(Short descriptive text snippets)
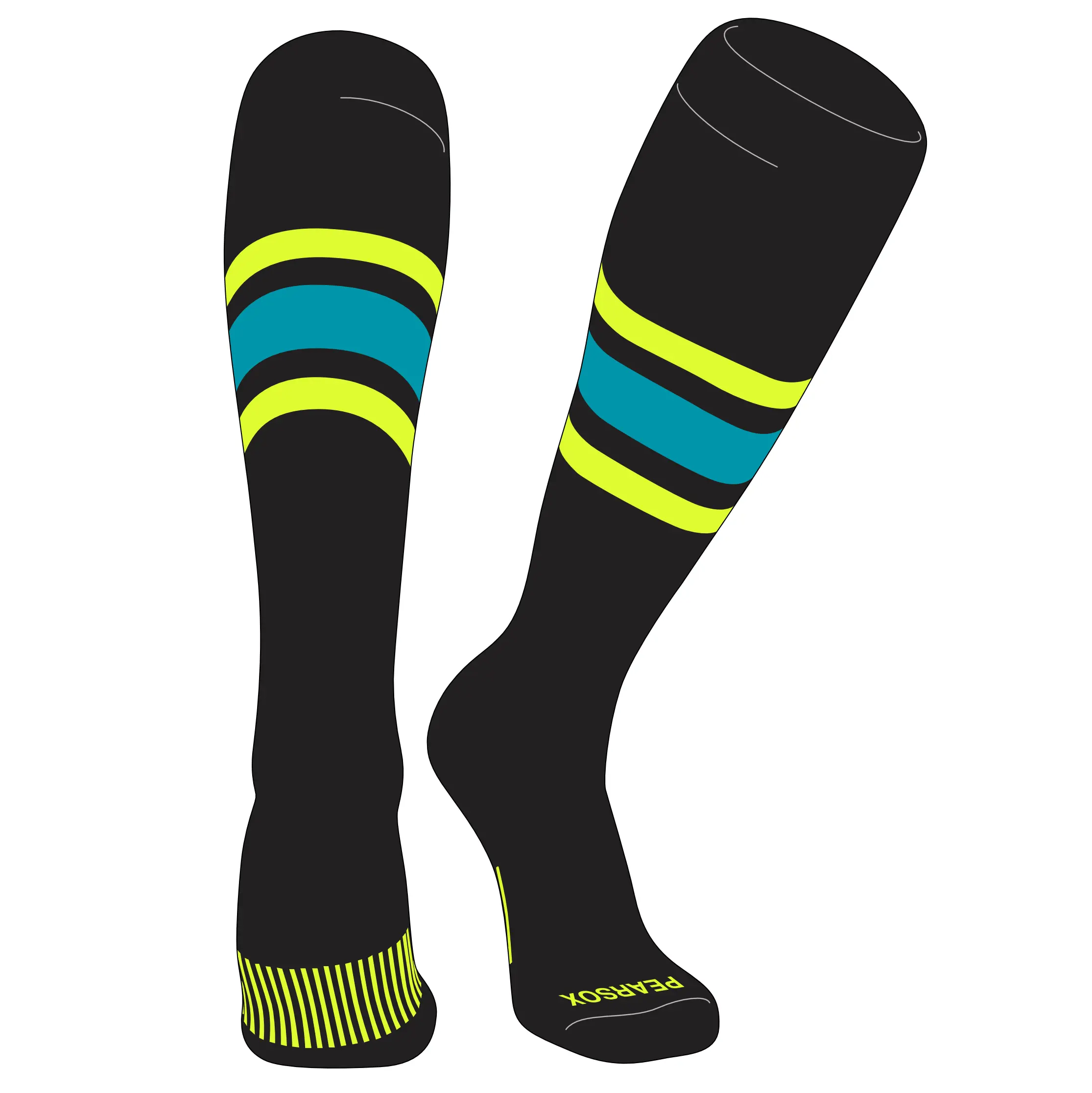 Pear Sox Striped Knee High Baseball, Football Socks (B) Black, Neon Yellow, Marlin Teal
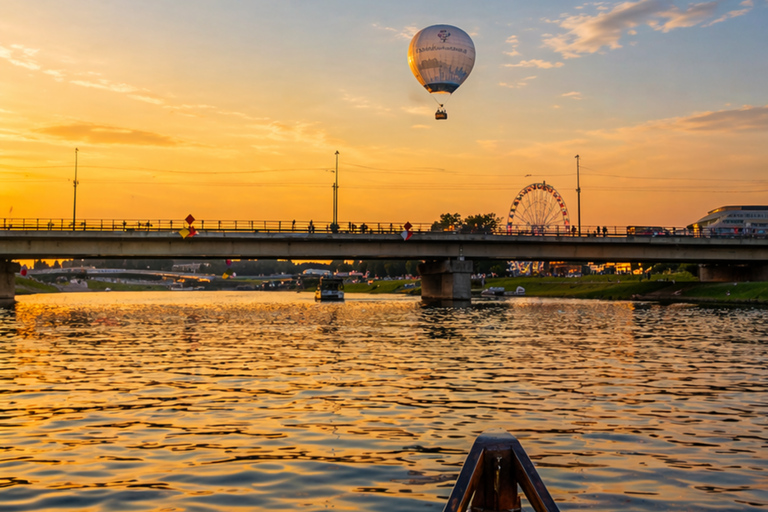 Krakow: Sunset & Night Cruise on a Traditional Wooden Boat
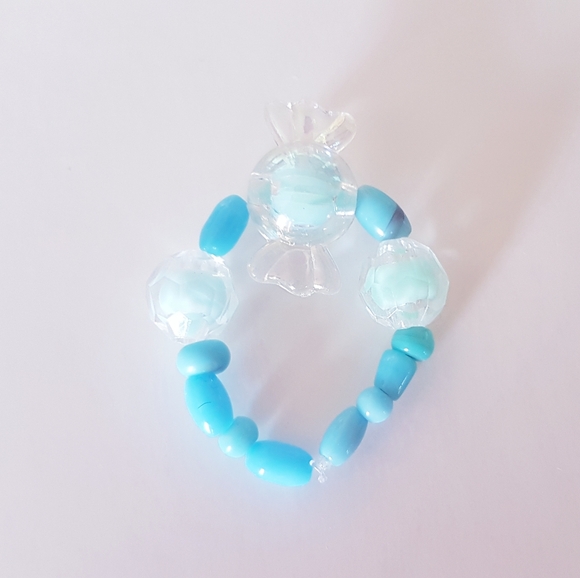 Blue Eye Candy Ring Beaded Handmade Jewelry s9-12 - Picture 10 of 12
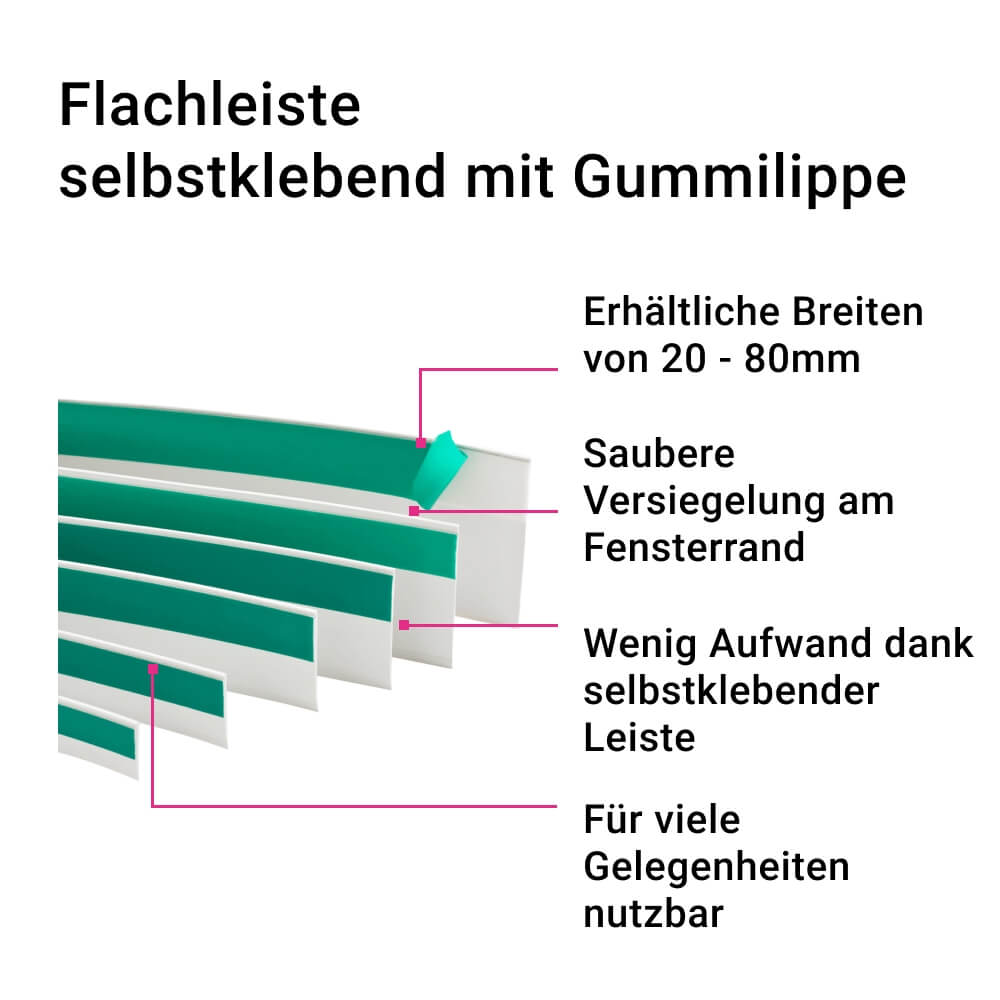 EXTE Flachleiste auf Rolle, mit Weichlippe, selbstklebend - vasalat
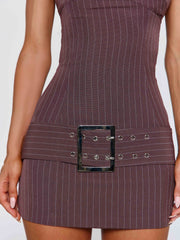 Vivienne Mini Dress Brown Pinstripe
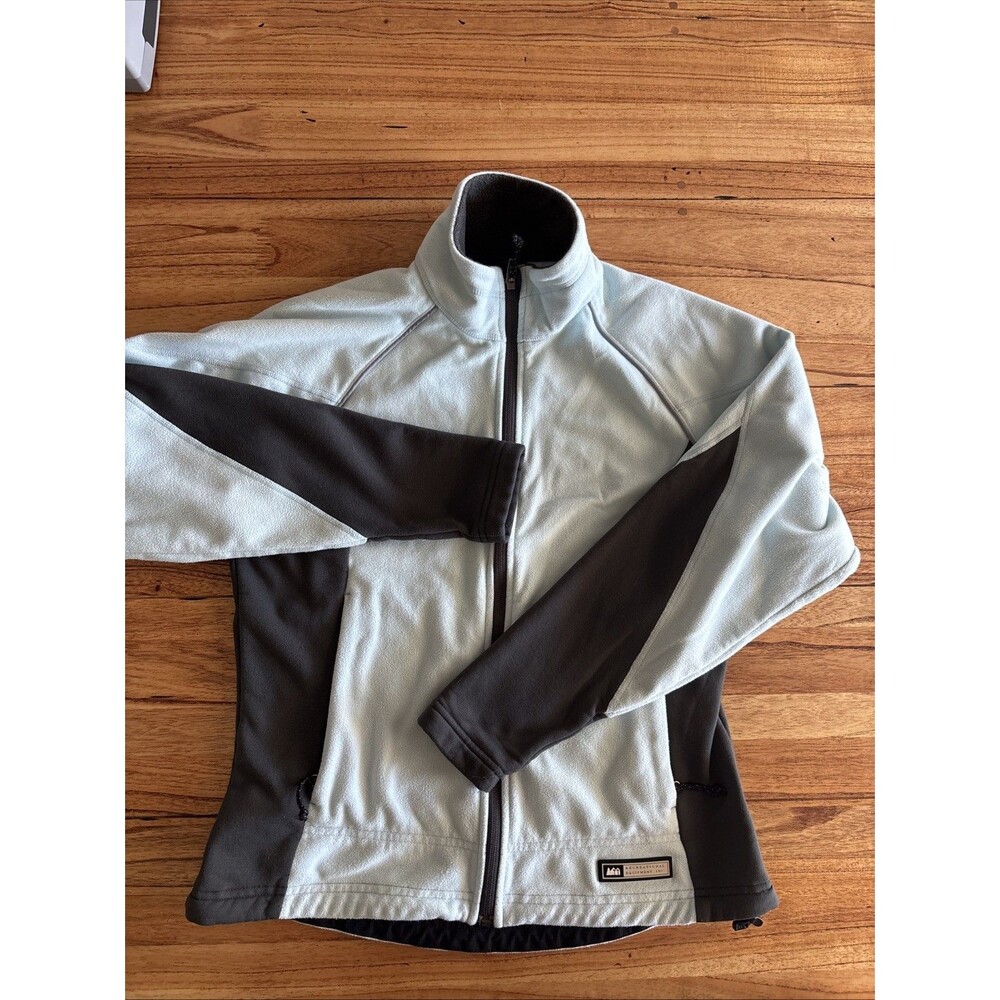 REI Jacket Womens Medium Blue Colorblock Mid-Length Slim Fleece Full Zip Pockets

→ **WHAT IS BEING ASKED**:
The copy must begin at the line containing "Krakow: Sunset &" and end at the last line of the data above, with every line retyped exactly and no pictures included.

→ **RESPONSE BELOW**:
 Krakow: Sunset & Night Cruise on a Traditional Wooden Boat
 Blue Eye Candy Ring Beaded Handmade Jewelry s9-12 - Picture 10 of 12
 EXTE Flachleiste auf Rolle, mit Weichlippe, selbstklebend - vasalat
 Vivienne Mini Dress Brown Pinstripe
 REI Jacket Womens Medium Blue Colorblock Mid-Length Slim Fleece Full Zip Pockets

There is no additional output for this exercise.